New York had a tone that seemed to match the heady confusion of the times. Much of the issue of June 8, 1970, was devoted to Wolfe's "Radical Chic," which described a fund-raiser for the Black Panthers held at the apartment of conductor Leonard Bernstein. Wolfe's scathing story, which coined the term "limousine liberals," became a classic of New Journalism. Six years later, in another New York article, Wolfe summed up the entire era when he called it the "Me Decade."

Wolfe called Mr. Felker "the greatest idea man that ever existed" in a 1993 interview with The Washington Post.

"My philosophy is that you have faith in the writer's point of view," Mr. Felker told the Post. "You pick the writers you believe in and give them their freedom. As opposed to most editors who want to mold the writers into what they want, make them a tool of the editors."

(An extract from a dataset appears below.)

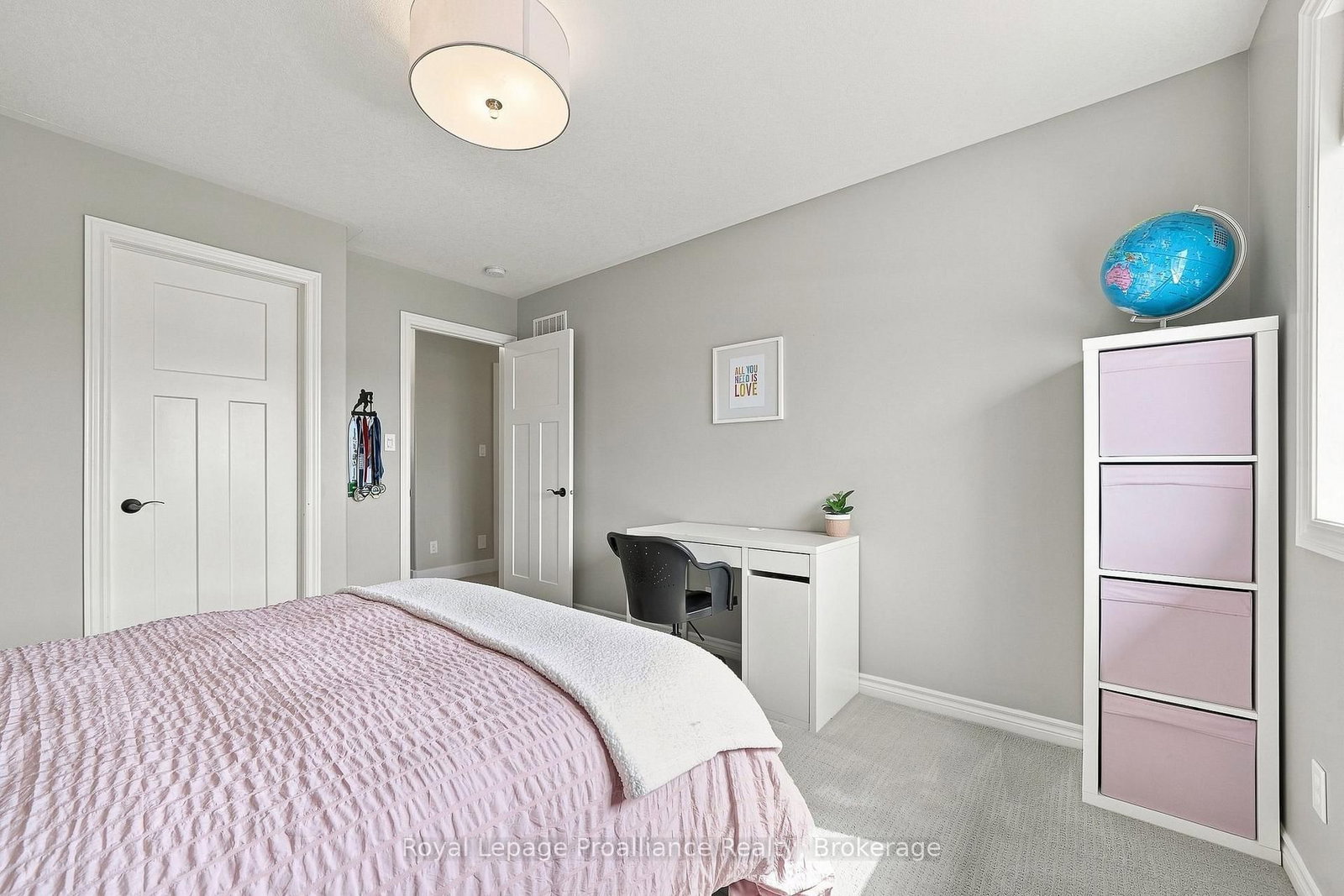 18 Granite Drive • Belleville, ON photo 28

As an early champion of women in journalism, Mr. Felker helped Steinem's fledgling magazine, Ms., get off the ground when he included a 40-page preview issue in an edition of New York.

Yet, for all his success in defining an era, Mr. Felker was just as often derided for what could be called his feats of Clay. He once published a nude photo of Viva, an actress associated with Andy Warhol, and critics found some articles to be adolescent or needlessly provocative.

The journalism review More complained that New York magazine was little more than "a weekly diet of superficiality at best and deception at worst, reality distorted for the sake of titillation."

Breslin parted with Mr. Felker in the early 1970s, saying the magazine "caused me to become gagged with perfume and disheartened by character collapse."

As the circulation and reputation of his flagship magazine grew, Mr. Felker sought to expand his journalistic empire in the mid-1970s by buying the Village Voice and by launching New West, a West Coast version of New York.

In 1977, after Mr. Felker was forced out of New York magazine, he became publisher and part-owner of Esquire, where he hoped to revitalize the ailing men's journal. Less than two years later, the magazine was sold out from under him, and he was adrift once more.

Mr. Felker continued to have modest triumphs as editor of Adweek magazine and the business-oriented Manhattan Inc. in the 1980s, but both efforts proved short-lived. He was still remembered as the editor who created - and lost - New York.

Clay Schuette Felker was born Oct. 25, 1925, in St. Louis, where his father was managing editor of the Sporting News. Mr. Felker printed his first newspaper, the Greeley Street News, when he was 8 and sold it in his hometown of Webster Groves, Mo.

His earlier marriages to Leslie Blatt Felker and actress Pamela Tiffin ended in divorce. In addition to his third wife, survivors include Sheehy's daughter, Mohm Phat Sheehy of Cambridge; a stepdaughter, Maura Sheehy Moss, of Brooklyn, N.Y.; a sister; and three grandchildren.